Curator’s Corner: George McJunkin, Unsung Archaeology Hero

by Amanda Mather, Curator of Collections

George McJunkin

George McJunkin was born a slave in Midway, Texas. When he was about 10, the Civil War ended and he and his family were freed. He was born into a ranch and cowboy life and spent most of his life in the saddle. Mr. McJunkin worked at several ranches in Texas before finally settling in New Mexico.

The cowboys he grew up around taught him to read and write. As a young man he also taught himself to speak Spanish, play the guitar and violin. He loved history and archaeology and that love would play a pivotal role in Mr. McJunkin’s incredible find.

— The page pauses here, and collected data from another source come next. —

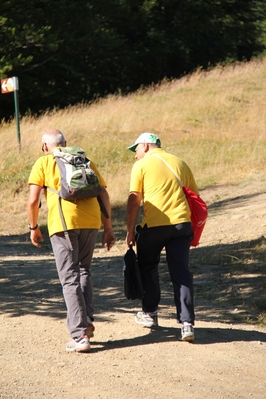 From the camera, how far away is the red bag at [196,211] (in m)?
6.32

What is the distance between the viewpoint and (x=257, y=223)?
464 inches

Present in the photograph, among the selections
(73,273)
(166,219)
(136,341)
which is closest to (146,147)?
(166,219)

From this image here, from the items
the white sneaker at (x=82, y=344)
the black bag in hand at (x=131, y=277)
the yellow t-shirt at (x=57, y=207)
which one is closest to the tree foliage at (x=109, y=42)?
the black bag in hand at (x=131, y=277)

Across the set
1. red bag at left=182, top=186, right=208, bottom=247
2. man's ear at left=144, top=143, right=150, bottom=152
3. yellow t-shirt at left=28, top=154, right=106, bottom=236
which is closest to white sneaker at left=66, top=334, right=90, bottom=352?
yellow t-shirt at left=28, top=154, right=106, bottom=236

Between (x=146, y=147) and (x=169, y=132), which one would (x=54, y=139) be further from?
(x=169, y=132)

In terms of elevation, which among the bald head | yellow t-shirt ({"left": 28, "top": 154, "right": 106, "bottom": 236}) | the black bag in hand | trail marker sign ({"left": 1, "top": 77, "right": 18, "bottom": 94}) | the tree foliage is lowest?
the tree foliage

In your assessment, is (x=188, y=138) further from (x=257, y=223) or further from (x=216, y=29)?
(x=216, y=29)

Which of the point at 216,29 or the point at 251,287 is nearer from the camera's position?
the point at 251,287

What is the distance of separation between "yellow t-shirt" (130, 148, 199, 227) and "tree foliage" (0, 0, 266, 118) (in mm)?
25383

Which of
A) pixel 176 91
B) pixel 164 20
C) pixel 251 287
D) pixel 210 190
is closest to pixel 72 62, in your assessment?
pixel 164 20

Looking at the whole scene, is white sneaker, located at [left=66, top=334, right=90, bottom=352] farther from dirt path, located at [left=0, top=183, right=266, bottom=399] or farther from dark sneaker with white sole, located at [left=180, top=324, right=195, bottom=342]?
dark sneaker with white sole, located at [left=180, top=324, right=195, bottom=342]

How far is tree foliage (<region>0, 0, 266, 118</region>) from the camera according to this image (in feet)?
105

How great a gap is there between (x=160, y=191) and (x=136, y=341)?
125 centimetres

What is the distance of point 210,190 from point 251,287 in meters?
6.49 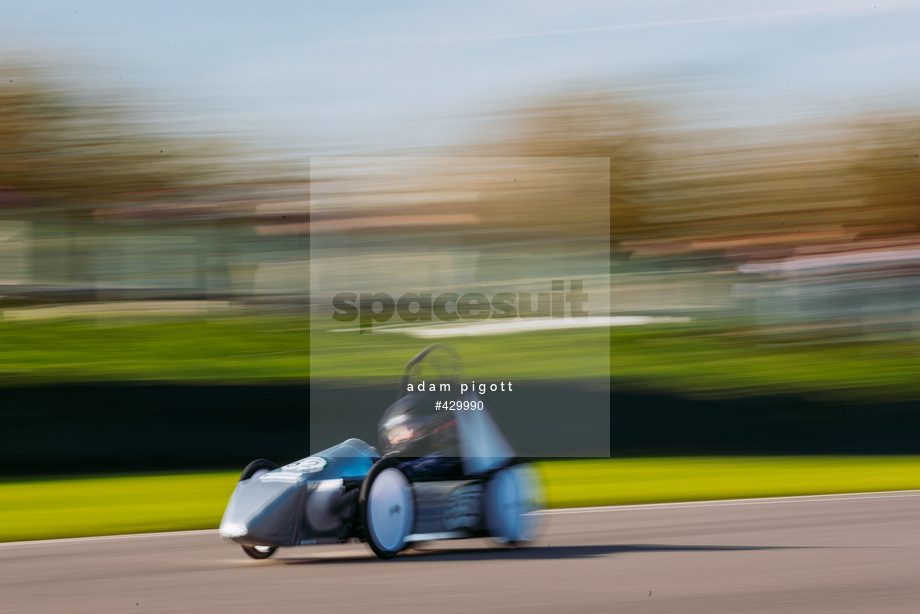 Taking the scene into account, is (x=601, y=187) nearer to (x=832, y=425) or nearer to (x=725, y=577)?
(x=832, y=425)

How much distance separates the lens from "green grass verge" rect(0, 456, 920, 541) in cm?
1130

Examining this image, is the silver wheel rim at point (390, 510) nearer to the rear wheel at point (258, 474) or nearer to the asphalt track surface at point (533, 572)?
the asphalt track surface at point (533, 572)

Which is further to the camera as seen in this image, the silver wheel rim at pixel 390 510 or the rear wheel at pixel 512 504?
the rear wheel at pixel 512 504

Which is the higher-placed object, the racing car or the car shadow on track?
the racing car

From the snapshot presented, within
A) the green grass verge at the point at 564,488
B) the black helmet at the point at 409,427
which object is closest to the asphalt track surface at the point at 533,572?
the black helmet at the point at 409,427

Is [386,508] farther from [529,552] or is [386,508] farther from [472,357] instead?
[472,357]

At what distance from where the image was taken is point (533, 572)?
22.8ft

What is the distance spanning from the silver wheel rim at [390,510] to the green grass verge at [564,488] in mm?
3736

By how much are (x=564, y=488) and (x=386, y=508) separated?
8.16m

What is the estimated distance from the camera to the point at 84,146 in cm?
2605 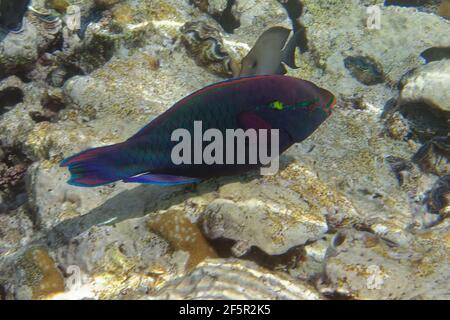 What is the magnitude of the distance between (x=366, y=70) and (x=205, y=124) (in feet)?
11.7

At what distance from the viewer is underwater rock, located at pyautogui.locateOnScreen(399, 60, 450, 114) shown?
3.91 metres

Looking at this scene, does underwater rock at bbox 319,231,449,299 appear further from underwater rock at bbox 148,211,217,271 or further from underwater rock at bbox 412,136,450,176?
underwater rock at bbox 412,136,450,176

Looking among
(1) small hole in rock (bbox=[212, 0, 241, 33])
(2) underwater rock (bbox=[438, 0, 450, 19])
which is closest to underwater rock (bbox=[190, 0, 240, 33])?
(1) small hole in rock (bbox=[212, 0, 241, 33])

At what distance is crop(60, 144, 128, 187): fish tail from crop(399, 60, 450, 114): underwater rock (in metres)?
3.35

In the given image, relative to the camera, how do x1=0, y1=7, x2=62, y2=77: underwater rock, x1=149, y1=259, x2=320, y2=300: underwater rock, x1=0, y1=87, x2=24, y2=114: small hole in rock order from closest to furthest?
x1=149, y1=259, x2=320, y2=300: underwater rock
x1=0, y1=7, x2=62, y2=77: underwater rock
x1=0, y1=87, x2=24, y2=114: small hole in rock

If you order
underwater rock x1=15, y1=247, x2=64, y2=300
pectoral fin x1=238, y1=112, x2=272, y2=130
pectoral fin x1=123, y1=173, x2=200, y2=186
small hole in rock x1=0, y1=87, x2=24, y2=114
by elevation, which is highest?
pectoral fin x1=238, y1=112, x2=272, y2=130

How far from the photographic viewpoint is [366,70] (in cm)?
506

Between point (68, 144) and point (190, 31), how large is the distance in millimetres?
2013

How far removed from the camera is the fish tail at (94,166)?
2113 millimetres

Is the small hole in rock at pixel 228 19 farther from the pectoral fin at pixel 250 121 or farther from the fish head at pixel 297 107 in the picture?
the pectoral fin at pixel 250 121

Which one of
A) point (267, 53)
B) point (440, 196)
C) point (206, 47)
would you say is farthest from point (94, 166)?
point (440, 196)

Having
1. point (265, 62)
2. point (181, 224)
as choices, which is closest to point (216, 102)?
point (181, 224)

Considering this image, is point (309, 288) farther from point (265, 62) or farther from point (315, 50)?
point (315, 50) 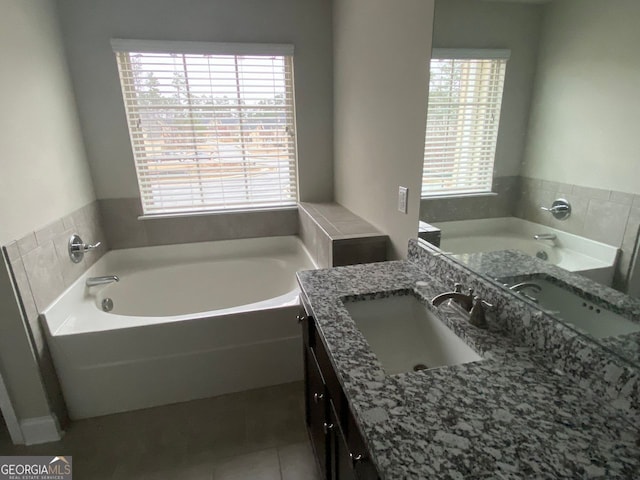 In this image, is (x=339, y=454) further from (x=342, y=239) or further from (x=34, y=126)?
(x=34, y=126)

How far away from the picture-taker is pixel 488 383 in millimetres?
830

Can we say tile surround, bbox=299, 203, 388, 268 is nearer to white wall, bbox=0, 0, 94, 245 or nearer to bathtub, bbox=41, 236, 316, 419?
bathtub, bbox=41, 236, 316, 419

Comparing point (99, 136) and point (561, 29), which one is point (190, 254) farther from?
point (561, 29)

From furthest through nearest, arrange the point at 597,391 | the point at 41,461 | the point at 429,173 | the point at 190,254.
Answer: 1. the point at 190,254
2. the point at 41,461
3. the point at 429,173
4. the point at 597,391

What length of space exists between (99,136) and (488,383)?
2857 millimetres

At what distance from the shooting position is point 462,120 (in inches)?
52.1

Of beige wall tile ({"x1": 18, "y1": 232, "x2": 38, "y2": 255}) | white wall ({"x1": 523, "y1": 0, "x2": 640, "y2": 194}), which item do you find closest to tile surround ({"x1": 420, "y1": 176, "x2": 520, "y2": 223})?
white wall ({"x1": 523, "y1": 0, "x2": 640, "y2": 194})

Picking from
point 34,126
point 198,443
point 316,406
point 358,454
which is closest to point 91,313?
point 198,443

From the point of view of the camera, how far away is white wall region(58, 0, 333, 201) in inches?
92.1

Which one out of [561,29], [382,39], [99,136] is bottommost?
[99,136]

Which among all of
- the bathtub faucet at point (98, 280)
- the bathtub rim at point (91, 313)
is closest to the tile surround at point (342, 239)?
the bathtub rim at point (91, 313)

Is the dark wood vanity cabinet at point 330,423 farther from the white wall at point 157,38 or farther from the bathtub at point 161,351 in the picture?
the white wall at point 157,38

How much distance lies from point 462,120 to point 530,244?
0.54 meters

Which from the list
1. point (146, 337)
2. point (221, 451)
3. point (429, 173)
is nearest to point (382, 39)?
point (429, 173) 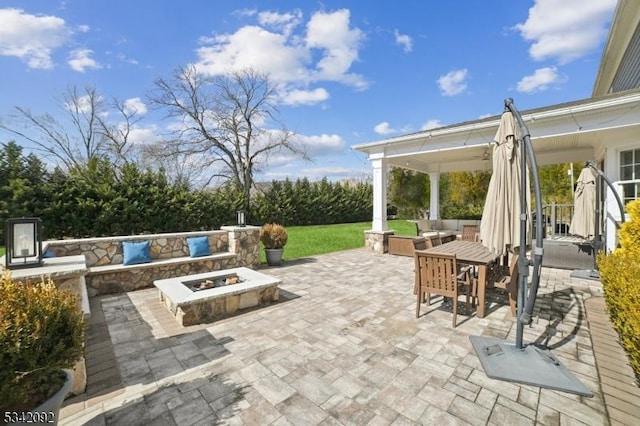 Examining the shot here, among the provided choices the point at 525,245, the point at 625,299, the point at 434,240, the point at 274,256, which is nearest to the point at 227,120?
the point at 274,256

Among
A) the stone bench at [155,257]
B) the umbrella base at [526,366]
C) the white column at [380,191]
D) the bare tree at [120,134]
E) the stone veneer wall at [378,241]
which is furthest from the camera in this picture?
the bare tree at [120,134]

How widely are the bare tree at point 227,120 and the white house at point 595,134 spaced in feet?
39.6

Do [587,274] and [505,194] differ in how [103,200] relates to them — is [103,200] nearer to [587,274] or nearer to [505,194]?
[505,194]

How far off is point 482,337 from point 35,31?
1754 centimetres

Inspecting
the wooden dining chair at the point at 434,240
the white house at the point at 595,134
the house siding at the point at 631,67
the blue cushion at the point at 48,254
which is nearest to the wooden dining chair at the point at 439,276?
the wooden dining chair at the point at 434,240

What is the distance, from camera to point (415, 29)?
1014 cm

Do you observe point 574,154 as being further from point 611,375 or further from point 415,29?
point 611,375

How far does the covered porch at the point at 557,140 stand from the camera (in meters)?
5.95

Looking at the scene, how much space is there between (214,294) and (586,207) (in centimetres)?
829

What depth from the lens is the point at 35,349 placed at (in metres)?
1.71

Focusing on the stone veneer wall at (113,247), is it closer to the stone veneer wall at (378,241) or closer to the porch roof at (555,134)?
the stone veneer wall at (378,241)

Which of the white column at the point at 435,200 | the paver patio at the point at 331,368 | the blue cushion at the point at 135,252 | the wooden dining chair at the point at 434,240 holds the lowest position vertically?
the paver patio at the point at 331,368

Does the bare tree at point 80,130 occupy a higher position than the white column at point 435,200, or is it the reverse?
the bare tree at point 80,130

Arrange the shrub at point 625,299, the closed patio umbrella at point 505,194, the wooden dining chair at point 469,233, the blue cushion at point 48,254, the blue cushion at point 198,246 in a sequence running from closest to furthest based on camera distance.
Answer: the shrub at point 625,299, the closed patio umbrella at point 505,194, the blue cushion at point 48,254, the blue cushion at point 198,246, the wooden dining chair at point 469,233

In 1908, the small New Mexico town of Folsom (near Raton) experienced a horrible flood that killed 18 of its citizens. After this terrible event, McJunkin was on horseback assessing the damage done to the fences and arroyos at the Thomas Owens Pitchfork Ranch where he worked. Upon entering an arroyo named Dead Horse, he noticed something odd. Huge rib bones were sticking out of the side of the arroyo and since George knew his archaeology, he knew they weren’t from any modern animal species.

McJunkin was correct; the bones were from a species called Bison antiquus, an animal that had died off with the mega fauna at the end of Ice Age, about 10,000 years ago. But even more striking amongst those ribs were projectile points, clearly put there by a group of humans.

He knew what he had just discovered. At the time of his incredible find, the archaeological establishment thought humans had only been on this continent for several thousands of years. Finding a point stuck in a bison that’s been gone for 10,000 years is proof that someone’s data is wrong.

McJunkin tried for years to get archaeologists to come see the site, to no avail. Finally, ten years later a man named Harold Cook from the Denver Museum of Natural History came to Folsom and did some exploratory digging with George. McJunkin had sent projectile points and some bone samples to Cook several years earlier.

Sadly, a full blown archaeological expedition was not launched at the Folsom site until after McJunkin’s passing in 1922. If it had not been for George’s passion for archaeology and keen eye, it may have taken much longer for us to discover that people had been on this continent for over 10,000 years.

Today, the type of point McJunkin found amongst those bison bones is called a Folsom Point, named for the little town of Folsom. It is the earliest type of projectile point found in both North and South America, and (if you ask me) one of the most striking. I have never found one personally, but always said if I ever do you’ll hear my holler from miles around.

In 2019, McJunkin was inducted into the Hall of Great Westerners at the National Cowboy and Western Heritage Museum in Oklahoma City. There are small exhibits dedicated to him at the Denver Museum of Natural History and the New Mexico History Museum. You can visit McJunkin’s grave at the Folsom Cemetery. The last time I went to visit him, there were fresh flowers on his grave, I gave him some more. I guess someone out there loves George as much as I do.